School of Biomedical Sciences, The University of Queensland, Brisbane, QLD 4072, Australia.
Neurochem Int. 2013 Apr;62(5):712-8. doi: 10.1016/j.neuint.2012.11.009. Epub 2012 Nov 29.
Oxidative stress has emerged as a key deleterious factor in brain ischemia and reperfusion. Malfunction of the oxidative respiratory chain in mitochondria combines with the activation of cytoplasmic oxidases to generate a burst of reactive oxygen species that cannot be neutralised by the cell's antioxidant mechanisms. As a result, oxidative stress contributes directly to necrosis and apoptosis through a number of pathways in ischemic tissue. Pharmacological intervention with antioxidants or enhancers of endogenous antioxidant molecules is proving to be difficult due to the speed and scope of the oxidative impact. Additionally, the knowledge that neuronal fate in ischemic stroke is tightly linked to other brain cells like endothelial cells and astrocytes has shifted the focus of study from isolated neurons to the neurovascular unit. For this reason, recent efforts have been directed towards understanding the sources of oxidative stress in ischemic stroke and attempting to block the generation of oxygen radicals.

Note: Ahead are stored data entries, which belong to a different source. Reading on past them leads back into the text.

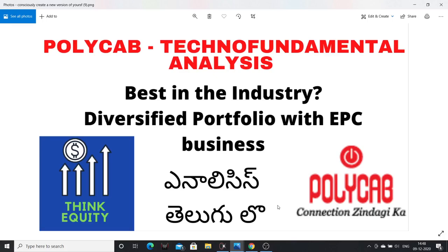Hello friends! I am talking about Polycab and about the fundamentals and the technical analysis. In this video I am comparing peers: KEC Industries, Havels, Phenolex, KEI Industries. I will look at what are the margins, compare these companies, complete the growth, margins, debt positions, and growth clarity.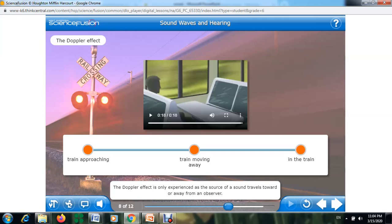From this, you can conclude: when you and the source of the sound are moving closer together, the sound waves are closer together, and the sound has a higher frequency and higher pitch. When you and the source are moving away from each other, the waves are farther apart, and the sound has a lower frequency and a lower pitch.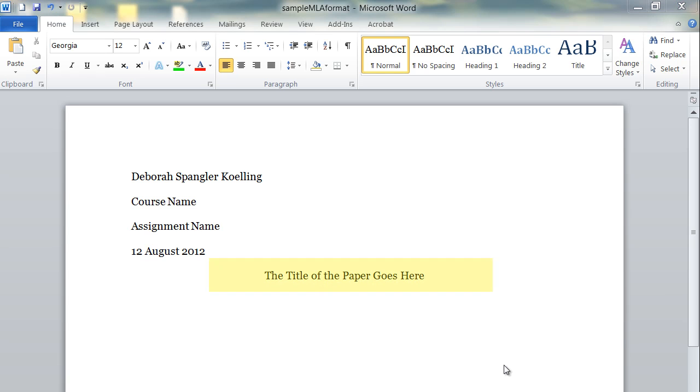Notice that the title of the paper has special capitalization according to MLA rules, but it is not put in bold, and there is not extra space either before or after it, and it's in the same size font as the rest of your paper.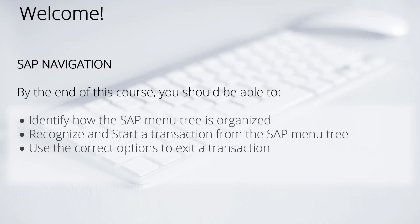Welcome to the next lesson of the SAP S4 HANA basic navigation course. In this lesson, we'll identify how the SAP menu tree is organized, as well as understand how to recognize and start a transaction from the SAP menu tree, and finally, how to use the correct options to exit a transaction.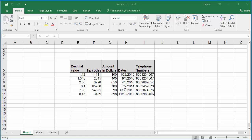Custom number formatting helps you to display data the way you want in the worksheet. The custom number formats are stored in the workbook. You can define about 200 custom number formats in a workbook.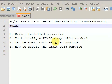Hello and welcome to the PC/SC Smart Card Reader Installation Troubleshooting Guide. This guide will help you understand why your smart card reader is not working when you think that everything was done correctly and it's supposed to be working normally.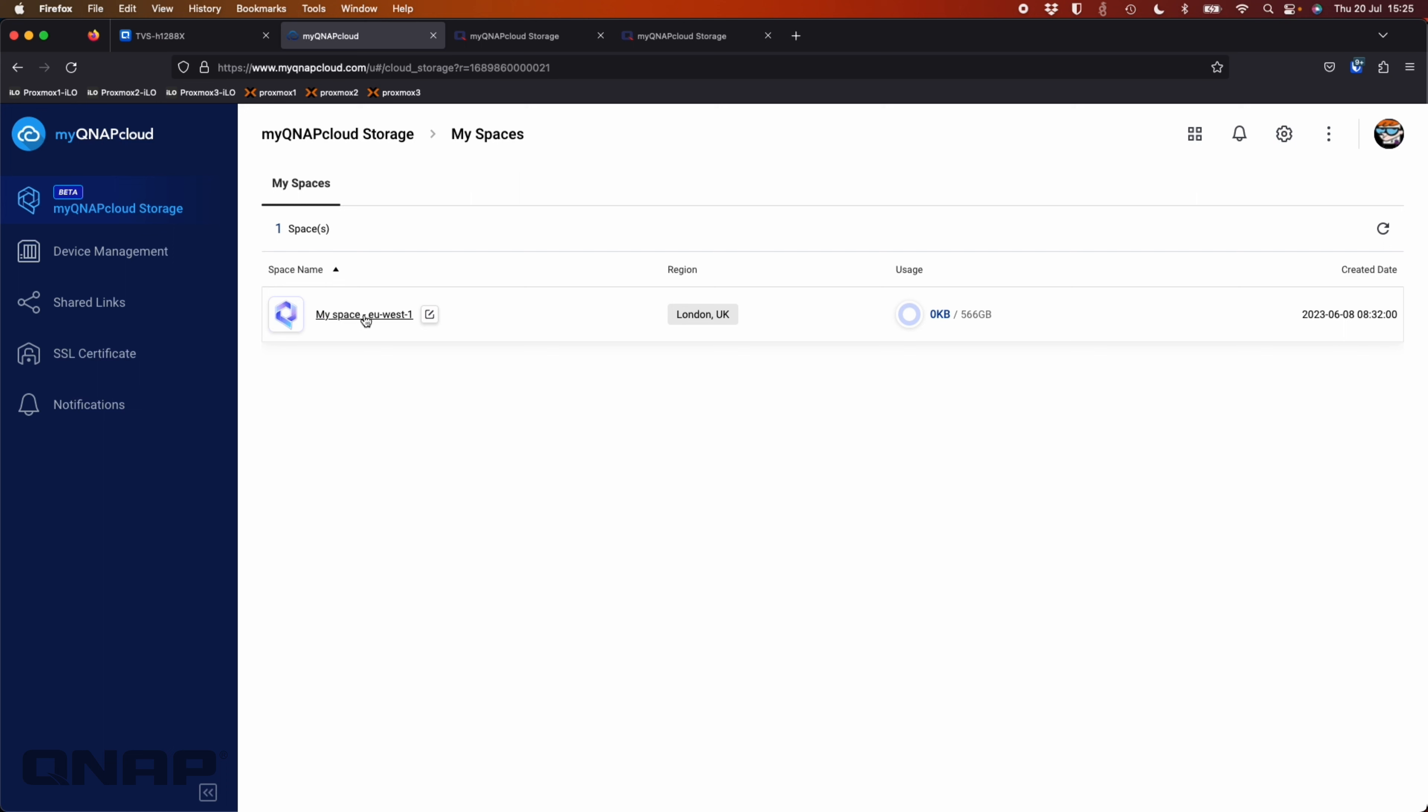I've picked the London EU West one. And I've got the 566 gigs of storage that I've got there. So I think I've got the 500 gig paid, 50 gig provided for free. And then I've also got the 16 gig on top of that, which was free when I first signed up.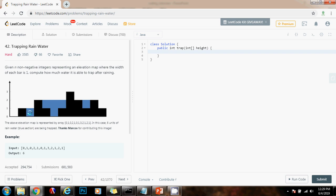Counting the units: 1, 2, 3, 4, 5, 6 — 6 units of water.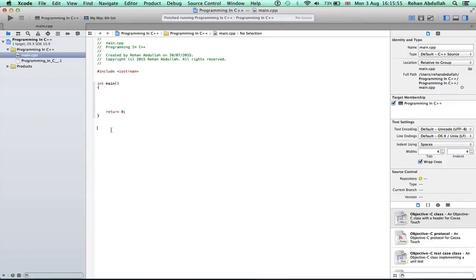What's up guys and welcome to the 12th tutorial of programming in C++ using Xcode. In this tutorial, it's all about basic pointers. So without further ado, let's start the video.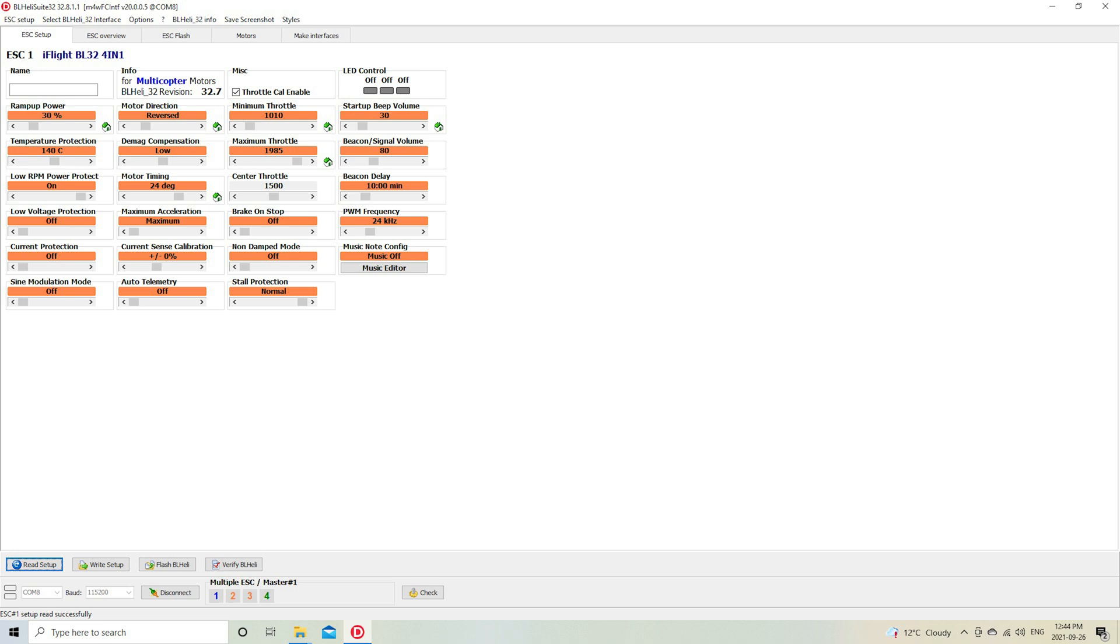And that's it for this video. Pretty simple and straightforward to get BLHeli Suite 32 set up. My next one will be about the Betaflight settings. Thanks for watching. I'll see you on the next one.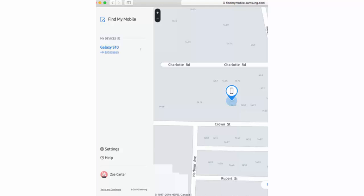Hi! In this video I will show you how to use Find My Mobile to locate your Samsung Galaxy S10, S10 Plus or S10e. If you think that you lost your phone or maybe it got stolen and you can't find it, you can use another device and the Find My Mobile feature to locate it.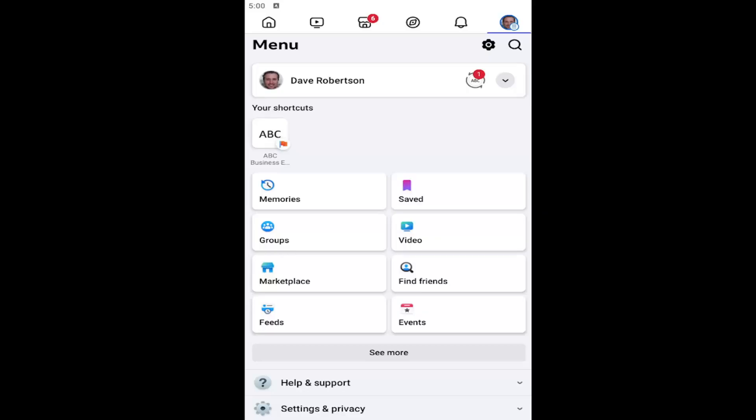In today's tutorial, I'm going to show you how to allow camera and microphone access on the Facebook mobile app for iPhone and Android devices.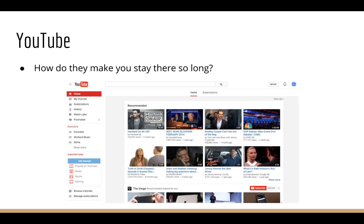Just go to youtube.com and the first thing you'll see is a list of recommendations. I'm sure I'm not the only one who's accidentally spent hours on YouTube when I had more important things to do. So how does YouTube know what videos to show you so that you'll keep watching? That's right — recommender systems.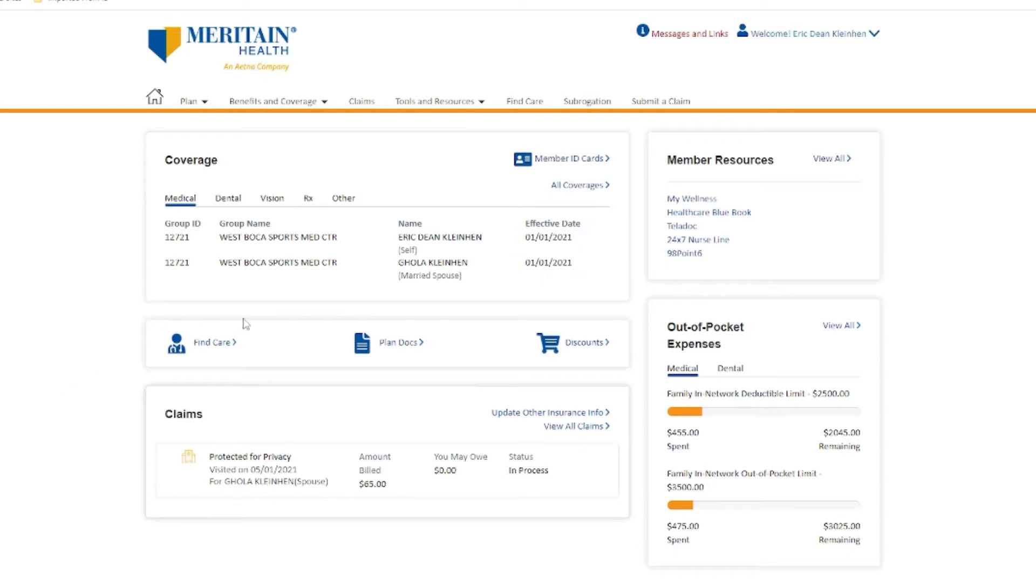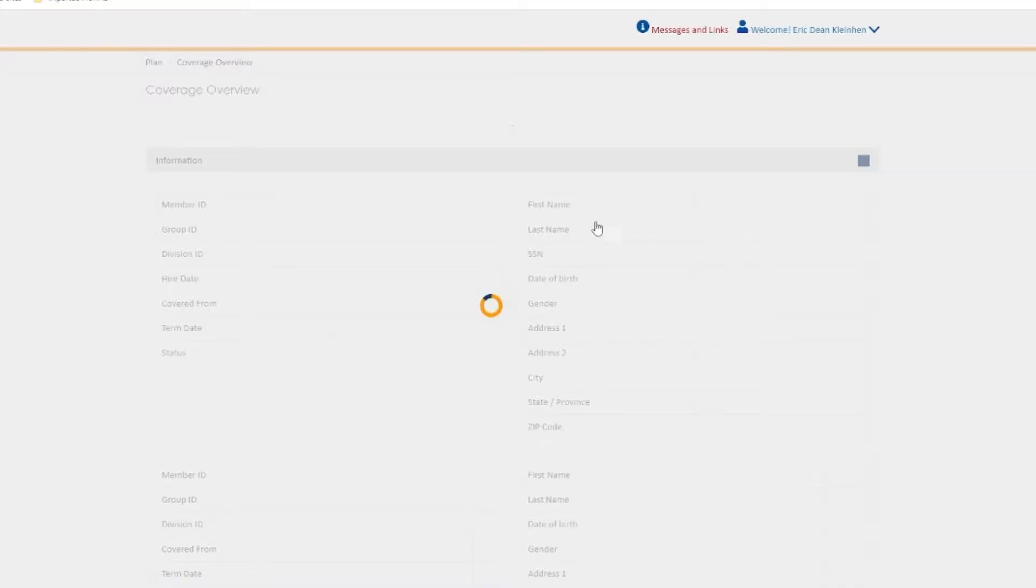For additional information about your benefits, just click on the All Coverages arrow in the coverage tile. You'll also be able to find the following.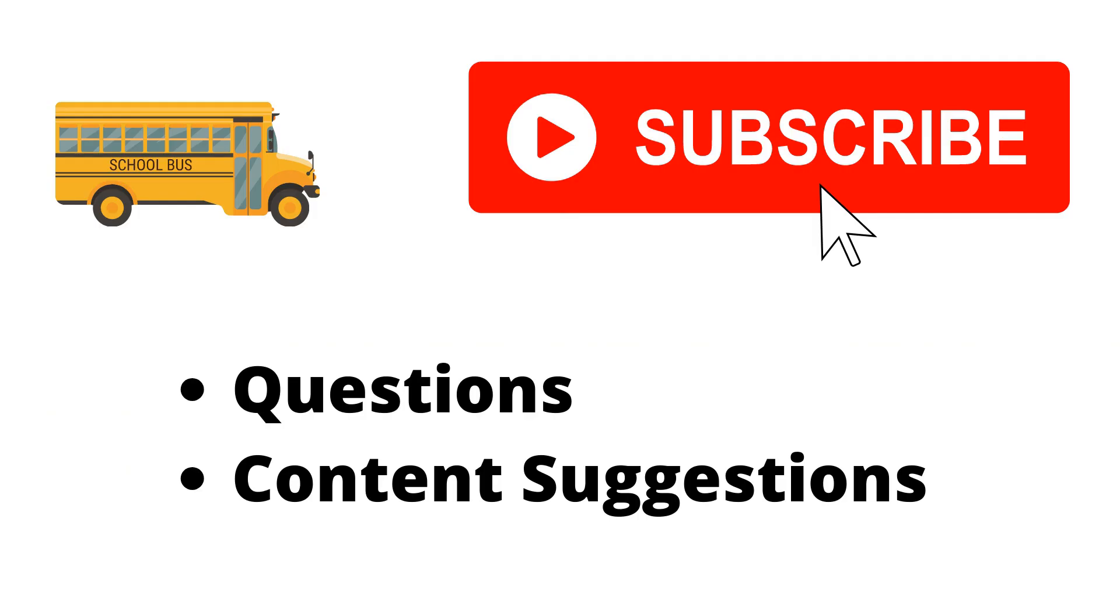Thank you for watching the video. If you haven't already make sure to hit the subscribe button. If you have any questions or content suggestions just let me know in the comments and I'll try my best to answer everyone.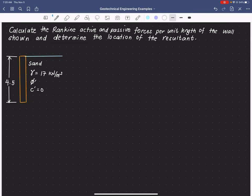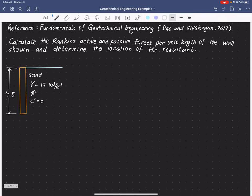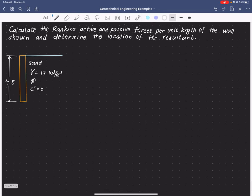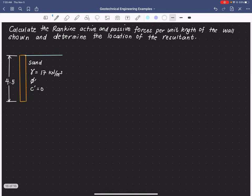Hi everyone. Today we'll be having an example on lateral earth pressure. We are asked to calculate the Rankine active and passive forces per unit length of the given wall below, and we are asked to determine the location of the resultant. The given retaining structure has a length of 4.5 meters.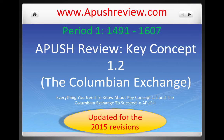We have Key Concept 1.2 for you today. This is the most up-to-date video with the 2015 revisions to the new AP US History curriculum. This is the most up-to-date video you will find on Key Concept 1.2.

氧化应激已成为脑缺血再灌注的一个关键有害因素。线粒体氧化呼吸链的功能障碍与细胞质氧化酶的激活相结合,产生大量无法被细胞抗氧化机制中和的活性氧。因此,氧化应激通过缺血组织中的多种途径直接导致坏死和细胞凋亡。由于氧化作用的速度和范围,用抗氧化剂或内源性抗氧化分子的增强剂进行药物干预被证明是困难的。此外,人们认识到,缺血性中风中神经元的命运与内皮细胞和星形胶质细胞等其他脑细胞紧密相连,这使得研究的重点从孤立的神经元转移到了神经血管单元。出于这个原因,最近的努力方向是了解缺血性中风中氧化应激的来源,并试图阻止氧自由基的产生。